More polio vaccine virus found in sewers

Analysis reveals this weakened virus is evolving, causing worry about its impacts on under-vaccinated groups
12 August 2022

Interview with 

Chris Smith, Naked Scientists


Across London, over a million children aged 1 to 9 will be offered a poliovirus vaccine in the coming months. This has been announced following the detection over a number of months now of poliovirus in sewage samples collected from a number of London boroughs. It indicates spread of the virus in the community, which in turn points to insufficient levels of immunity in the population. Chris Smith told James Tytko about the ongoing situation...

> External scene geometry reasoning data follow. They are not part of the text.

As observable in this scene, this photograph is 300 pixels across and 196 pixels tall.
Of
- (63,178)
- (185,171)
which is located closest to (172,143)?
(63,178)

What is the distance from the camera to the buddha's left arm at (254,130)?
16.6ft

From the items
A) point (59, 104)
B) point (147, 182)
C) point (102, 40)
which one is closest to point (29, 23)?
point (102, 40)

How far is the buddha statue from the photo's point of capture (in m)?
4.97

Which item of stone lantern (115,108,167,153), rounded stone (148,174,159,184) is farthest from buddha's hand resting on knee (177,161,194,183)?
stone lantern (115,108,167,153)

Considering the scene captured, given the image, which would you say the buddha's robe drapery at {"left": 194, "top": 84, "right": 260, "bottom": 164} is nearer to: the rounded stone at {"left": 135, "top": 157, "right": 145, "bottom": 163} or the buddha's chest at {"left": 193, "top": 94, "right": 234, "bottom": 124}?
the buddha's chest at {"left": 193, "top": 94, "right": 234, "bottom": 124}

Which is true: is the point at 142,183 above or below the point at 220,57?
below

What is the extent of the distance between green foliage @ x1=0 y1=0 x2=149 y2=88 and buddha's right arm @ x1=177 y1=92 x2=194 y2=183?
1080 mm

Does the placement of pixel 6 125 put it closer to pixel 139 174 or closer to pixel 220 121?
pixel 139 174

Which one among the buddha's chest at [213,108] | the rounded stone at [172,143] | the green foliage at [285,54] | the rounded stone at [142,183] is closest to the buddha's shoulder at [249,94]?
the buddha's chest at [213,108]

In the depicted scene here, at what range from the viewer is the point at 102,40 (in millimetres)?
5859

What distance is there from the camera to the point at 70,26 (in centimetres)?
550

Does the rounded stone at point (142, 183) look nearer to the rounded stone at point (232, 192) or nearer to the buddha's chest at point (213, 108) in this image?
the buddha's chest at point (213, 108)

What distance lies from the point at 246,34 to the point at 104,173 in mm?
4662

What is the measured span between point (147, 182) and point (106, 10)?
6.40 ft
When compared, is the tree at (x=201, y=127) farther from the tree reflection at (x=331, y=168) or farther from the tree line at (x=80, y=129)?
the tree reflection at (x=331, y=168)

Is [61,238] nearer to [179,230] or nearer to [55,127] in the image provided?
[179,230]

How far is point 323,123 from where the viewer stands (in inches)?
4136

Chris - Going back over the last few months, the sampling - which is done routinely on sewage in London and also carried out in Glasgow - has picked up traces of the genetic material from polio virus, but not what we call the wild type virus -  it's actually vaccine. We've got three different types of poliovirus that we have vaccines against, and they're weakened forms of the virus. They've been grown in a dish and because a dish doesn't have an immune system, if you do this for long enough, eventually you get a virus that forgets how to outwit your immune system and it weakens. So it can show you what polio virus looks like, but it can't make you ill and that's why it's used as a vaccine. But it's not used here anymore. We stopped using live vaccines in this country about 20 years ago. The reason for this is that there is a low risk when you use those live vaccines, that as well as rendering people immune, you are putting back into the environment live poliovirus that can mutate and change and become virulent again; it could cause polio in the future. So we don't use them, but some countries still do specifically those countries where they're still circulating polio. Only a handful of those, thank goodness, nowadays. So what this tells us is that somebody has been to one of those particular risk areas and they've received the polio vaccine, or they have come into contact with it in the environment, they've brought it to the UK, and it's now settled into a community where there's insufficient levels of immunity to polio with the consequence that it is spreading in the community. And what has now spooked public health officials in London is that not only have they detected this, but they've gone on to continue to detect it until most recently in July, and they've also detected now some signs that the virus is changing genetically in a way that would revert it back to a virulent form of polio that could cause paralysis, which used to be a scourge causing thousands of cases of paralysis in younger people about 50 years ago.

James - That's worrying to hear because as far as I knew the UK had eliminated polio. How worried are you? What's the risk of this posing a big threat to public health?

Chris - Well, there are a number of things to be worried about. One of them is the broader picture, which is that if this is circulating and it's circulating in a population that ostensibly have all been vaccinated because we vaccinate our children in this country with a killed form of polio vaccine from the age of when they're born - two, three, and four months you get your first doses of polio vaccine - then a reminder for your immune system at the age of three. And then another reminder, a booster, at 14. This should endow people with comprehensive lifelong immunity against polio. The fact that it is circulating in the community shows that there is inadequate protection from people who probably haven't been adequately vaccinated. So there's probably poor vaccine uptake. And that is born out by the fact that when surveys are done in some of the London boroughs where this is being detected, only 61% of children have been vaccinated. To get the magic herd immunity that we need to stop the virus circulating like this, you need 95% uptake of the vaccine. We're well short of that. So there's a public health situation in terms of vaccination, which means we're also vulnerable probably to other diseases as well if there's lower uptake with other sorts of vaccines. There's also the fact that we have now got the circulation in our community of a form of polio which is live and it could revert into a fully virulent polio capable of triggering cases of paralysis. And that has happened. And in New York, they have detected a young man with actually the same type of polio as we've got here in recent weeks, who has developed some polio symptoms. So the risk is very real.

James - So the next steps, presumably we need to get vaccines in arms. How will that help put a cap on the situation?

Chris - What they are announcing in London in the last day is that a million children up to the age of nine from the age of one will be offered a polio booster. Now it doesn't matter if anyone has already had all of the polio vaccines they should have done, this will merely boost the immunity they've got. But what it will hopefully do is endow those people who have fallen short of adequate protection or have had no protection yet with (a) protection from severe disease. Because if you have all of your polio shots, you have a 99-100% chance that you won't become severely unwell if you do encounter polio. But what it will also do is it will stop the chain of transmission. So we will hopefully reign in this onward transmission we're seeing with the virus in the community, and that will reduce the risk of further incurrences into other populations and possibly this reversion to type where the polio becomes more like it's wild type cousin capable of causing paralysis again.

James - Let's hope we can keep it under control. Chris. Thank you very much.